Gu hat in Mailand bereits Silber im Slopestyle und im Big Air gewonnen. Gold im Slopestyle ging an die Schweizerin Mathilde Gremaud, Gold im Big Air an die Kanadierin Megan Oldham. In der Halfpipe steht das Finale noch an (21. Februar, 19.30 Uhr).
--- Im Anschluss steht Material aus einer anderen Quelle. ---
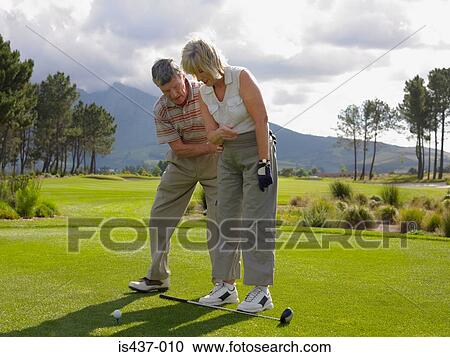 Stock Image - Man giving woman a golf lesson. Fotosearch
Bereits bei den Spielen 2022 in Peking hatte Gu zweimal Gold (Big Air, Halfpipe) und einmal Silber (Slopestyle) geholt. Mit nun fünf olympischen Medaillen ist sie die erfolgreichste Freestyle-Skierin der Geschichte. Allerdings gehört sie zu einer Generation, die erstmals mehrere Medaillenchancen pro Spielen hat: Slopestyle und Halfpipe sind erst seit 2014 olympisch, Big Air kam 2022 hinzu.

Zwischen Sport und Superstar-Status

Gu wurde 2003 in San Francisco geboren. Seit 2019 startet sie für China, das Herkunftsland ihrer Mutter. Die Entscheidung löste in den USA politische Diskussionen aus, in China wurde sie zur Symbolfigur. Mit 18 Jahren wurde sie in Peking die jüngste Olympiasiegerin ihrer Disziplin und die erste Frau mit drei Freestyle-Medaillen bei Winterspielen.

Sportlich sorgte sie schon früh für Aufsehen: Sie gewann mehrfach im Halfpipe-Weltcup, holte bei der WM 2021 mehrere Medaillen und landete als erste Frau im Wettkampf einen „Double Cork 1440“, einen technisch extrem anspruchsvollen Trick.

Abseits der Piste ist Gu längst ein globaler Star. Auf Instagram folgen ihr rund 2,6 Millionen Menschen. Laut „Forbes“ ist sie die bestverdienende Athletin der Winterspiele 2026 mit einem Jahreseinkommen von umgerechnet rund 19,5 Millionen Euro. Preisgelder machen davon nur einen Bruchteil aus; der Großteil stammt aus Werbeverträgen und Kooperationen mit Luxusmarken wie Louis Vuitton oder Tiffany & Co. sowie aus Modeljobs. Sie zierte unter anderem die Cover von „Vogue“ in Hongkong und des „Time Magazine“.

Selbstbewusst gegen Erwartungsdruck

Die virale Szene zeigt, wie sehr sich bei Gu sportlicher Anspruch und öffentliche Erwartung überlagern. Wo andere über verpasste Goldchancen sprechen, verweist sie auf die Dimension ihrer Karriere. Fünf olympische Medaillen mit 22 Jahren – und ein weiteres Finale steht noch aus.

Ob die Antwort auch sportlich ein Nachhall ist, wird sich in der Halfpipe zeigen. An Selbstbewusstsein mangelt es der Ausnahmeathletin jedenfalls nicht.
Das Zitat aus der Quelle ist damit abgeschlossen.